Mandat auch für Awacs-Flugzeuge

Zu einer Patriot-Batterie gehören bis zu acht mobile Abschussrampen mit jeweils bis zu acht Raketen, ein Radargerät und ein Gefechtsstand. Für den Betrieb sind etwa 85 Soldaten notwendig. Wie viele deutsche Staffeln tatsächlich in den Einsatz geschickt werden, ist noch unklar. Bisher war von zwei die Rede. Die Zahl der Soldaten, die tatsächlich in den Einsatz geschickt werden, könnte also deutlich unter 400 liegen.

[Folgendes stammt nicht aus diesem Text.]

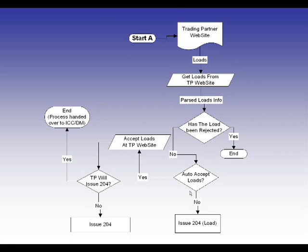Now, when you receive that 204, it will show up in your load available screen, just like it does on any other shipper that you have that does EDI currently. And then you can determine if you want to accept or reject that load.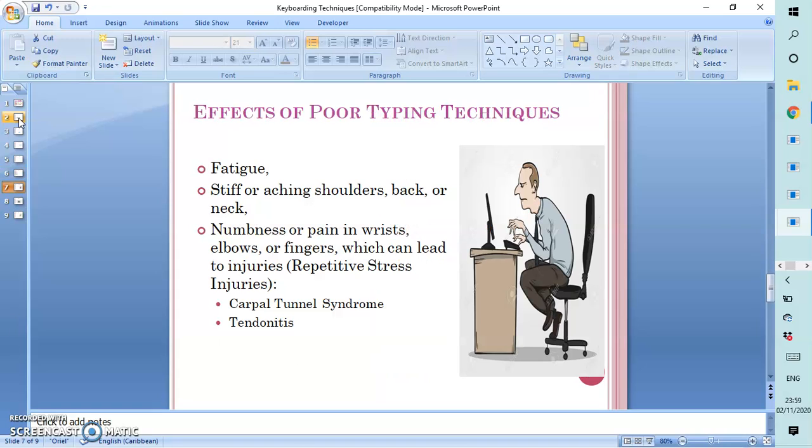What are some of the effects of poor typing techniques? It gives fatigue to the typist. The typist may end up with stiff or aching shoulders, back or neck. There may be numbness or pain in the wrists, elbows, or fingers, which can lead to injuries. Repetitive stress injuries. Some call it repetitive strain injuries. Two of which are the carpal tunnel syndrome and tendinitis.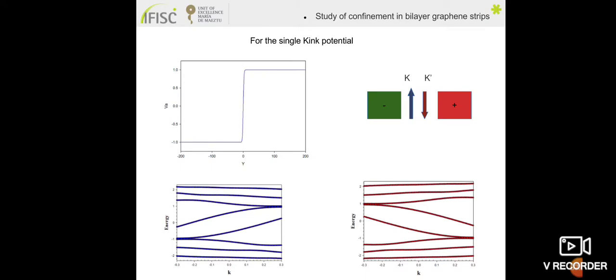We have the result for a single kink potential, where the potential goes from minus to plus. We calculated the energy as a function of momentum for the K valley and K prime valley. We notice that at low energy there are topological states in the middle of the spectrum, and these topological states are confined. For one valley they propagate in one direction, and for the other valley they propagate in the opposite direction. This is what we call valley-momentum locking.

Mit dem Mandat soll auch der Einsatz von Awacs-Aufklärungsflugzeugen abgedeckt werden, die bereits in der Region stationiert sind. Die Hightech-Flieger sind zu einem großen Teil mit deutschen Soldaten besetzt. Das Awacs (Airborne Warning and Control Systems) dient der Früherkennung von Flugzeugen und anderen fliegenden Objekten. Mit ihrem starken Radar können die Flugzeuge aus einer Höhe von durchschnittlich 9.500 Metern einen Umkreis von etwa 400 Kilometern überwachen.

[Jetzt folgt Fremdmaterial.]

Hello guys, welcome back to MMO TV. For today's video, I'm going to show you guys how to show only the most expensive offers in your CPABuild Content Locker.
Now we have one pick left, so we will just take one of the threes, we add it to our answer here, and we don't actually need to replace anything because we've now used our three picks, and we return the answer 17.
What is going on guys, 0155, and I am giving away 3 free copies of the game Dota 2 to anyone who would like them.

Die Türkei hatte die Nato nach wiederholten Granateinschlägen in ihrem Grenzgebiet zu Syrien um Hilfe gebeten . Die Patriot-Raketen mit einer Reichweite von 68 Kilometern sind für die Abwehr von Flugzeug-, Raketen oder Drohnenangriffen geeignet. Der Einsatz soll ausschließlich dem Schutz türkischen Gebiets dienen. Zur Durchsetzung einer Flugverbotszone über Syrien dürfen die Raketen nicht eingesetzt werden.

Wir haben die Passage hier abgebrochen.